Print them exactly: the lines from the beginning of the entries below through the line that contains "Here's a 2017", and only those, with the pictures left out.

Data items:
--- START ---
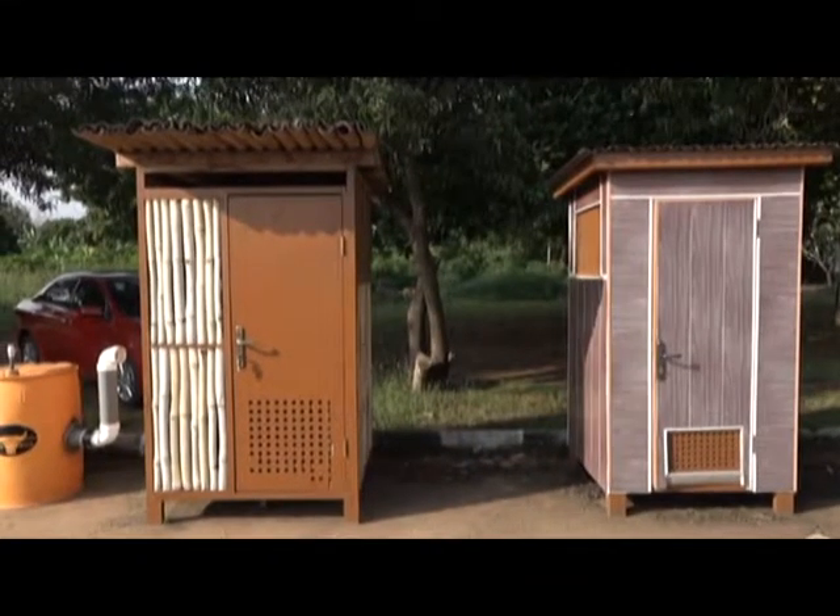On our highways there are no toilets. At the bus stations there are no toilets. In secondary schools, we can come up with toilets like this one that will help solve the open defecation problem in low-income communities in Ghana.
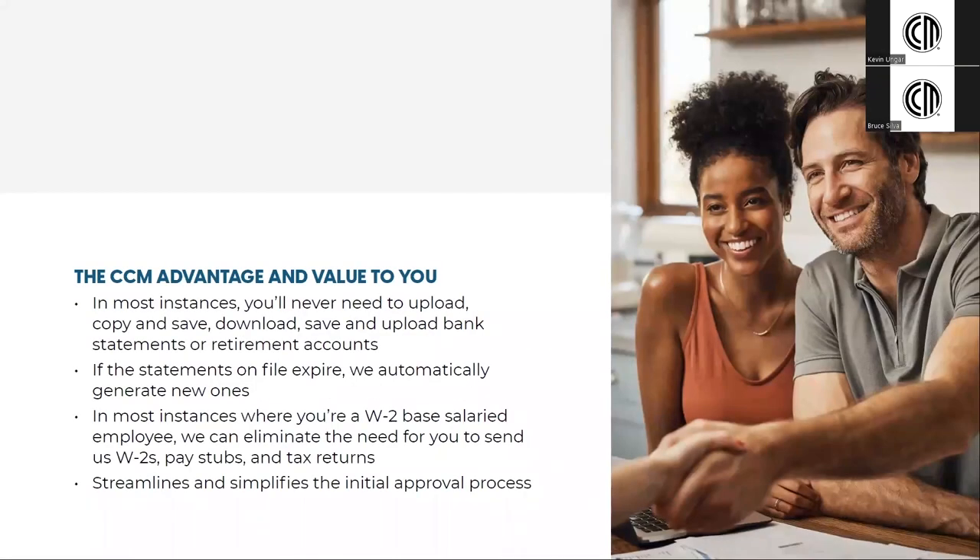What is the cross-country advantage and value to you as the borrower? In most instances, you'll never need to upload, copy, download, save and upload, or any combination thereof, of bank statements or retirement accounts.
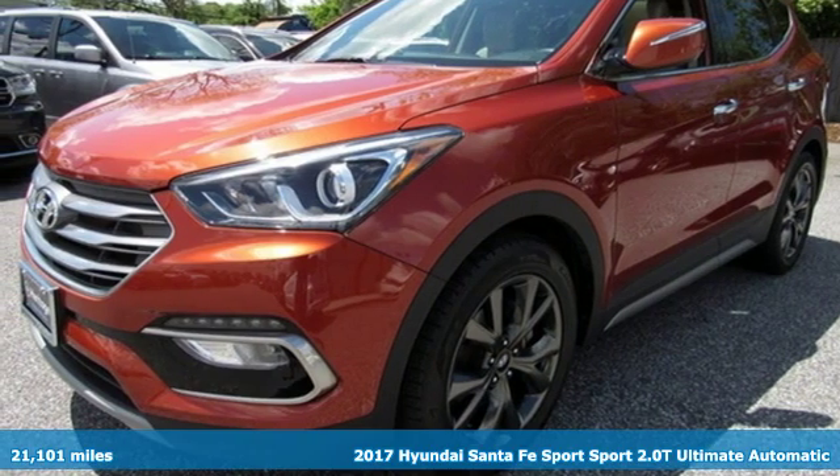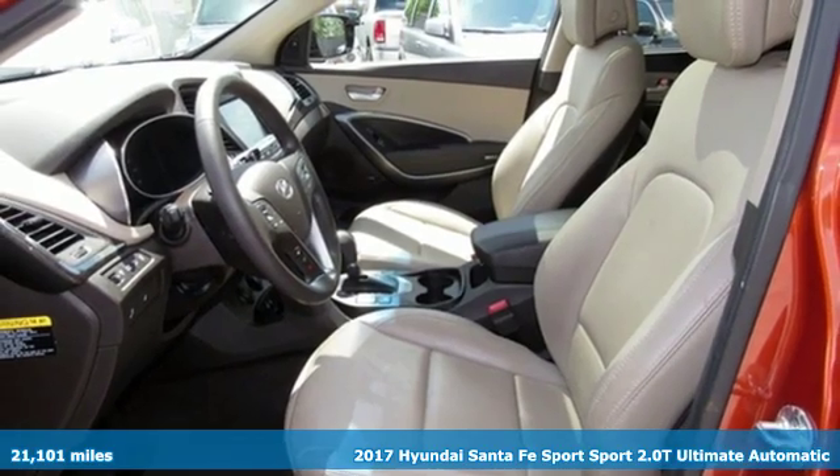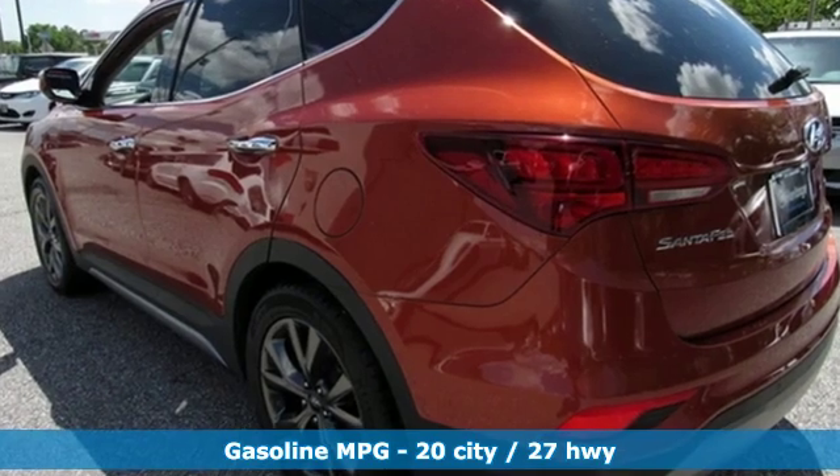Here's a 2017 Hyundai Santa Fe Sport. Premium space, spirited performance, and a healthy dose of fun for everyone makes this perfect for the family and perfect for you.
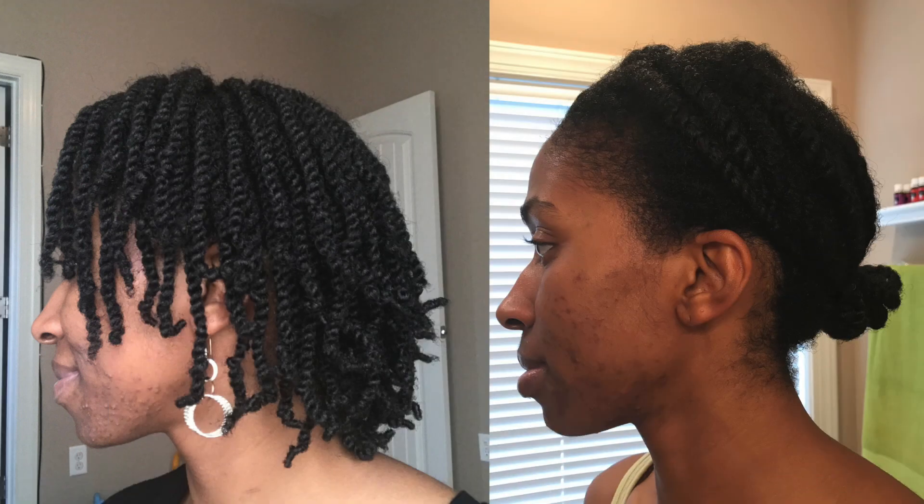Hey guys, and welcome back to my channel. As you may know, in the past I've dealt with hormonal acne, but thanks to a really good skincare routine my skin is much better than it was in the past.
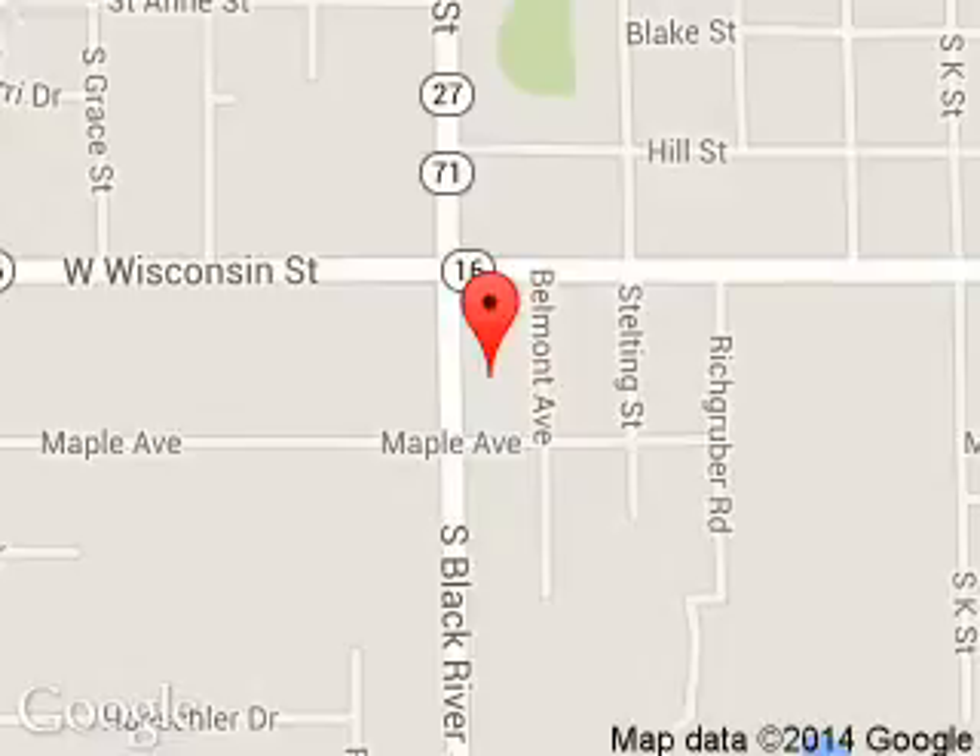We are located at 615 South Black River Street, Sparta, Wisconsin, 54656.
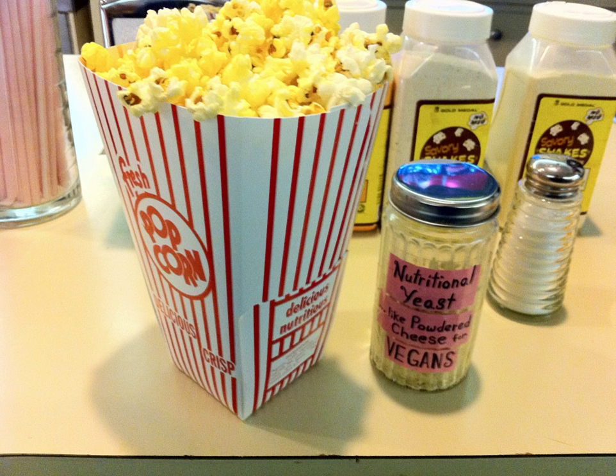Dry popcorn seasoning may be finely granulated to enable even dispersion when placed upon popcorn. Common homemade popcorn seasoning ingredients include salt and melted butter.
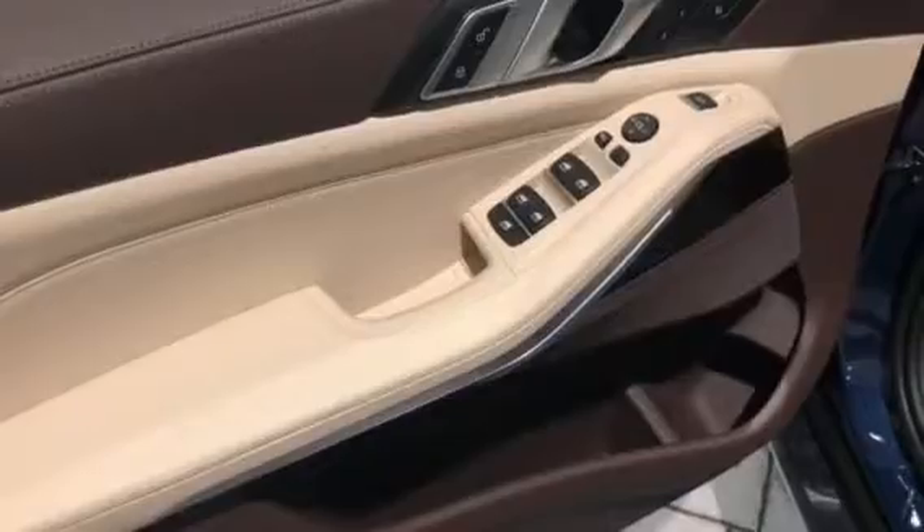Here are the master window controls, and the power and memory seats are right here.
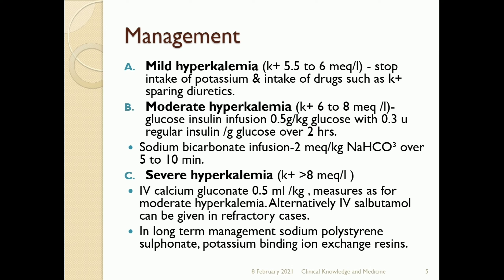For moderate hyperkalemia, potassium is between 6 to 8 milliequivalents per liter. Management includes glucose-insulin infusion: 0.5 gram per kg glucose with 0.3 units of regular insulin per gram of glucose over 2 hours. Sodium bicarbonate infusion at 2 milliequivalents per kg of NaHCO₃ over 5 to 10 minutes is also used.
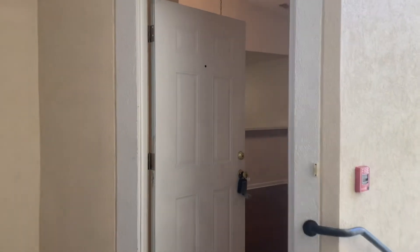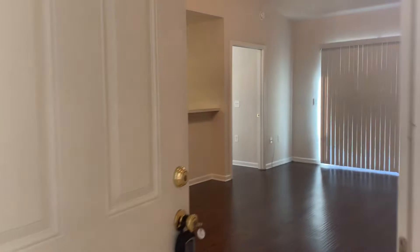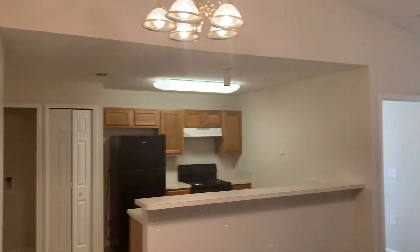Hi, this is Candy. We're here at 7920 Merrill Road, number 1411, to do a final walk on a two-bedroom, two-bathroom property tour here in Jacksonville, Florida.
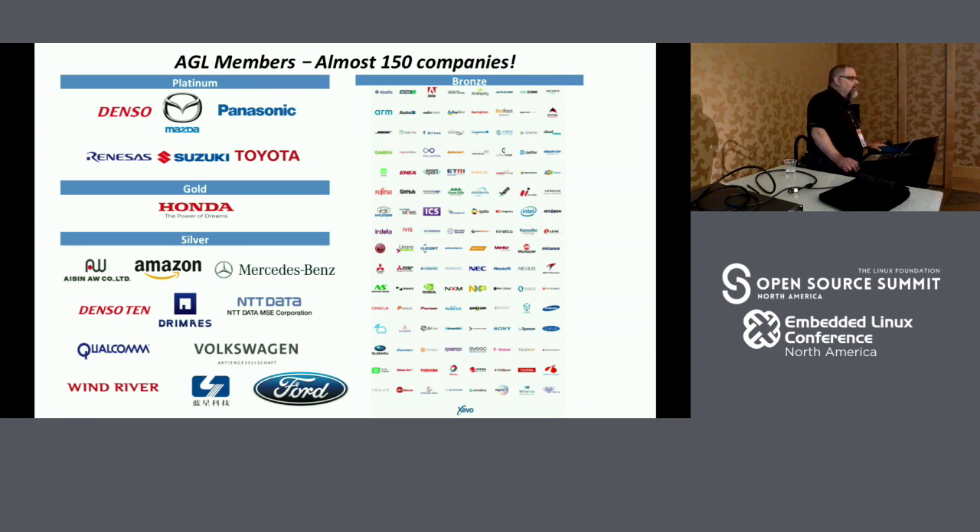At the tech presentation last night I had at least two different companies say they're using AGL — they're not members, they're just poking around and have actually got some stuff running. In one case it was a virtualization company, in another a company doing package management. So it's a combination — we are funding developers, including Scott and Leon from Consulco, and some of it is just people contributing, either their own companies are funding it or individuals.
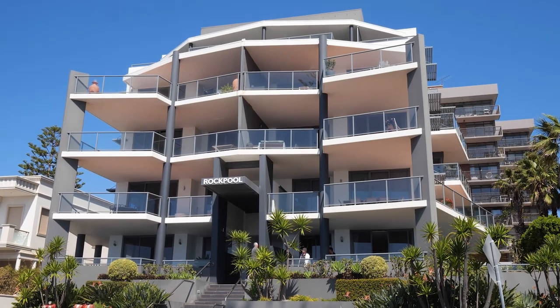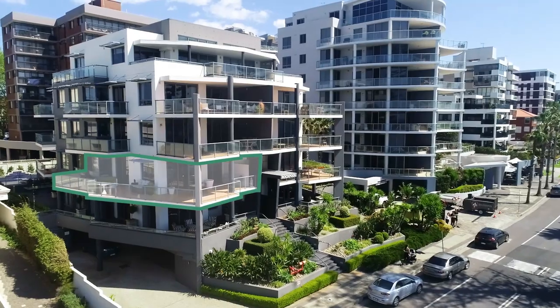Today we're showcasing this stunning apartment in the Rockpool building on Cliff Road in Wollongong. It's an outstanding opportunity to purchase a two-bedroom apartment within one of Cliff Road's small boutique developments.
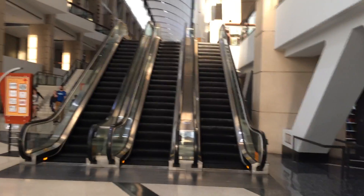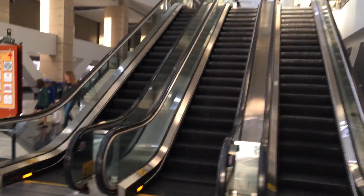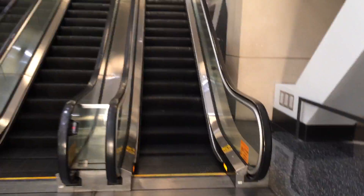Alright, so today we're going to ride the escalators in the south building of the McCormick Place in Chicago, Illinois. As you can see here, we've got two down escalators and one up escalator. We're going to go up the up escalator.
--- END ---
Task answer:
On our highways there are no toilets. At the bus stations there are no toilets. In secondary schools, we can come up with toilets like this one that will help solve the open defecation problem in low-income communities in Ghana.
What is the cross-country advantage and value to you as the borrower? In most instances, you'll never need to upload, copy, download, save and upload, or any combination thereof, of bank statements or retirement accounts.
Here's a 2017 Hyundai Santa Fe Sport. Premium space, spirited performance, and a healthy dose of fun for everyone makes this perfect for the family and perfect for you.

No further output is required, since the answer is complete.